By Parrish Alford/NEMS Daily Journal
OXFORD – At a time when order needed to be restored in the Ole Miss secondary, Keith Burns decided against excessive charts and graphs. He didn’t delve into the technical deep.
He opted instead for a user friendly method that has Ole Miss defensive backs after two games with as many interceptions as they had after 11 games in 2010.
The Rebels intercepted just six passes last year. After picking off four against Southern Illinois they have five for the season, one of them returned for a touchdown.
Success for a secondary that was last in the SEC last year in pass defense efficiency has been about simplicity.
See ball, catch ball.
“Last year if we felt we didn’t have the receiver secured, then we weren’t supposed to look back for the ball,” said cornerback Marcus Temple, who had one the four picks last week.
Burns has taken away the burden of a judgment call in the middle of the action. It’s an approach that is different from what defensive backs were taught for many years.
“Back in the day guys were taught to run, and when he sticks his hands out, you stick your hands out. Receivers don’t let you do that any more. They don’t put their hands up till the ball’s there.
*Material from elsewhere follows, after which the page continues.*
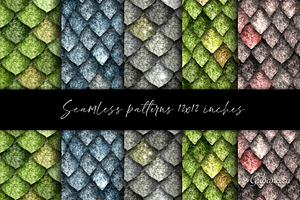 Dragon Scales. Seamless Patterns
“You have to be in position. You can’t just look to be looking,” Burns said. “There’s a time and a feel for when the guy is coming down field, and he’s obviously not going to break off his route. You need to look back and become the receiver.”
First things first
Defensive backs looking back for the football was one of the first questions posed to Burns when he was hired in January. Burns, who coaches the cornerbacks, and Chris Vaughn, who coaches the safeties, set out to change things.
The Rebels are giving up passing yardage, their 211.0 yards a game ranking 10th in the SEC. Often teams have been able to exploit the middle of the field when the Rebels were blitzing.
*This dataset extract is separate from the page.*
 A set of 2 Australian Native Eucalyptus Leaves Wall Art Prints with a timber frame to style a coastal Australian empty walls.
Pass defensive efficiency considers other factors such as interceptions and touchdowns. The current Ole Miss rating of 107.9 ranks the Rebels No. 7 in the SEC. In the bigger picture, they’re 33rd in the country after finishing 2010 ranked No. 109.
“Coach Burns has told us since he first got here that he wanted us to get our eyes back for the ball. It’s like he already knew we had the ability to make plays. We just needed to see the ball,” Temple said.
The lack of turnovers gained by the defense in 2010 had the Rebels dragging bottom in another critical category – turnover margin. They were last in the SEC, 88th in the nation.
Currently the Rebels are at plus-1.0 per game, third in the SEC, tied for 26th in the nation. One of those was a 96-yard interception return for a touchdown by Charles Sawyer, a cornerback who has moved to safety.
It’s not enough to be in position to make the play if you don’t make the play.
“Finishing … Coach Burns made that a big point. Finishing. Its part of the code, and we live by the code – Be prepared, play hard, max speed, finish. You live by that you can’t go wrong,” Sawyer said.
A lot of football left
There is plenty of football to play before final grades are in.
This week’s opponent, Vanderbilt, hasn’t had a great deal of pass success in two games. Next week’s opponent, Georgia, has quarterback Aaron Murray, who is third in the league in yards per game, second in touchdowns thrown.
Burns sees the secondary getting better.
“There’s no doubt. It’s a position where every play you’re challenged in some aspect. Nine times out of 10 you line up across from the best guy on the field. So to me, you’ve got to have a little bit of swag or whatever they want to call it nowadays,” Burns said. “That comes from knowing you’re going to make the play. You can see when you’ve got it, and you know when you don’t.”